In times of personalised medicine, molecular profiling of pancreatic cancer and application of next-generation sequencing may provide an opportunity to advance the development of targeted therapies. Asokkumar et al[23] demonstrated that the Franseen EUS-FNB device can obtain better nucleic acid yield than EUS-FNA, with quality and quantity sufficient for downstream genomics applications. Therefore, the FNB can become a convenient and safe method for obtaining tumor material for precision genomics. This could have implications for the outcome of pancreatic cancer treatment in the near future.

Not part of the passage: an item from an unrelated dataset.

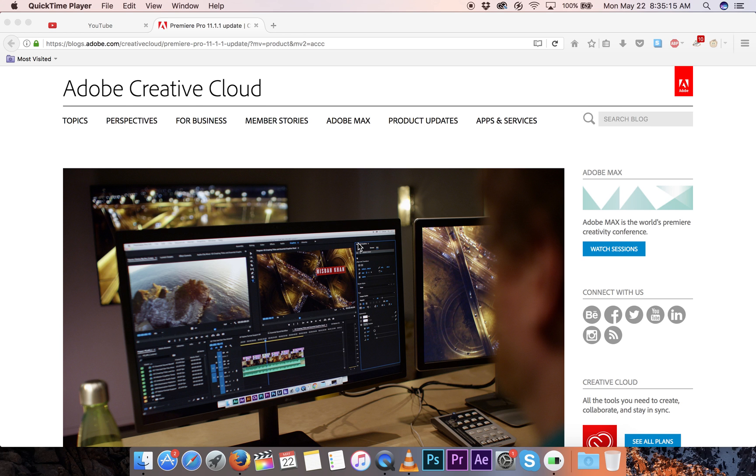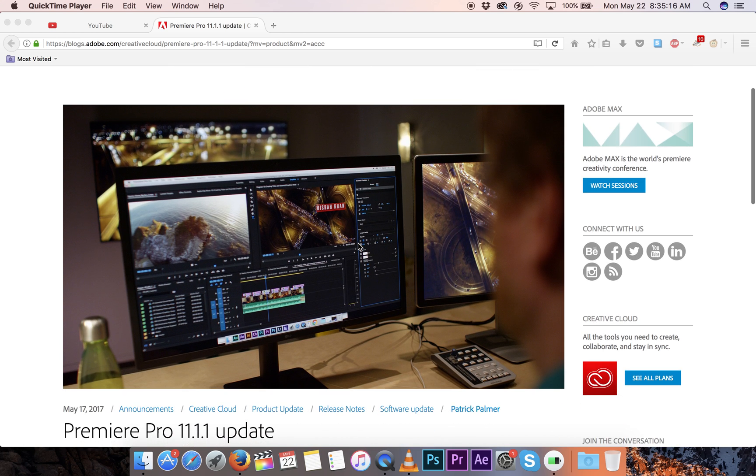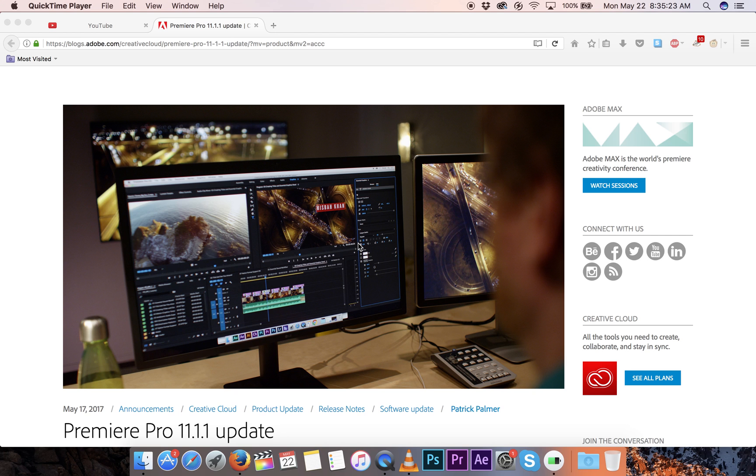So there's a new patch for Premiere Pro, which is an editing software if you don't know, and there's this crucial patch that you should update right now.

There are a few limitations of this study. First, we included only pancreatic masses, and therefore the performance of the Franseen and standard needles for evaluating other solid mass lesions could not be evaluated. A second limitation was the small number of patients. Maybe we could have detected a greater diagnostic accuracy in the Franseen needle group with a larger number of patients. Third, we did not compare the performance of the strategies of sampling, i.e., stylet retraction vs suction. This comparison was not among the study aims, and the sample size was not gauged for it. Finally, the pathologist was masked to the type of needle. However, the pathologist evaluated all the processed slides and cell blocks of a specific patient at once. It is possible that the results of the interpretation of the specimen obtained with one needle model influenced the interpretation of the specimen obtained with the other needle.

CONCLUSION

In conclusion, for the EUS-guided tissue sampling of solid pancreatic lesions, the Franseen needle obtained a greater tissue area compared to the standard needle. The diagnostic sensitivity and negative predictive value of the Franseen needle was greater for the diagnosis of any PM.

ACKNOWLEDGEMENTS

We are grateful to Peetermans J and Rousseau M for their insightful comments on the manuscript text and statistics.

Footnotes

Provenance and peer review: Unsolicited article; Externally peer reviewed.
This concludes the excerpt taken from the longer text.